- Nach der Annullierung der Bürgermeisterwahl in Istanbul gab es einen ganzen Chor an kritischen Stimmen aus dem In- und Ausland.
- In der Nacht nun wies der türkische Präsident Recep Tayyip Erdogan jegliche internationale Kritik an der Entscheidung der Wahlkommission in scharfer Form zurück.
So Gott will, werden sich unsere Leute diesen Drohungen, dieser Sprache des Drucks, nicht beugen», sagte er in einer Fernsehansprache. Mit Blick auf die Situation im Nahen Osten fügte Erdogan hinzu, wer nichts gegen den «israelischen Terror» unternehme, dürfe auch «nichts über unseren Kampf für Rechte sagen».
Insbesondere mit den USA ging das türkische Staatsoberhaupt hart ins Gericht: «Wer versucht hat, das gewählte Staatsoberhaupt Venezuelas zu stürzen, kann nicht mit uns über Demokratie reden», sagte er unter anderem an die Adresse Washingtons.
USA fordern Akzeptanz legitimer Wahlresultate
Das US-Aussenministerium hatte die Vorgänge um die Wahl in Istanbul zuvor moniert: «Wir bitten türkische Behörden dringend, diese Wahl gesetzesgemäss auszuführen und in einer Weise, die übereinstimmt mit ihren Verpflichtungen in der OSZE, ihrem Status als Nato-Mitglied und ihrem Bestreben, Mitglied der EU zu werden», hiess es in einer Note des State Departements. Freie und faire Wahlen und die Akzeptanz legitimer Wahlresultate seien unerlässlich für jede Demokratie.
Auch andere westliche Politiker und internationale Organisationen bedauerten und beanstandeten den Entscheid zur Annullierung des Wahlergebnisses in der Metropole Istanbul.
Einwand aus Brüssel
So bezeichnete EU-Nachbarschaftskommissar Johannes Hahn die Begründung der türkischen Wahlbehörde für die Wiederholung der Wahl in Istanbul als «Farce»: «In meiner ersten gemeinsamen Stellungnahme mit der EU-Aussenbeauftragten (Federica) Mogherini haben wir die Notwendigkeit betont, dass die verantwortlichen Institutionen die Gründe für ihre derartig weitreichende Entscheidung darlegen. Das ist nicht geschehen», sagte Hahn der «Welt am Sonntag». Der Wählerwille müsse in einer Demokratie respektiert werden, betonte der EU-Kommissar.
Die Hohe Wahlkommission hatte am Montag die Bürgermeisterwahl vom 31. März in Istanbul annulliert und eine Wiederholung am 23. Juni angeordnet. Sie gab damit einem Antrag der AKP, der Partei von Präsident Erdogan, wegen angeblicher «Regelwidrigkeiten» statt.
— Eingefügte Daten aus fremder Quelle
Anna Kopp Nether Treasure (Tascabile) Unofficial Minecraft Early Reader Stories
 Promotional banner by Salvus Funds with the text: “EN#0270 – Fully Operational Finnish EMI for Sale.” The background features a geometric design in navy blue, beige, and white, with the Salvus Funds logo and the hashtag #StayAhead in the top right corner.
Wahlkommission argumentierte wie AKP
In einem Schreiben an die Parteien nahm die Wahlkommission einen Kritikpunkt der AKP auf, wonach die Wahlräte teils rechtswidrig zusammengestellt worden seien.
Der Kandidat der grössten Oppositionspartei CHP, Ekrem Imamoglu, siegte bei der Bürgermeisterwahl knapp vor Ex-Ministerpräsident Binali Yildirim. Das Mandat wurde Imamoglu wieder aberkannt.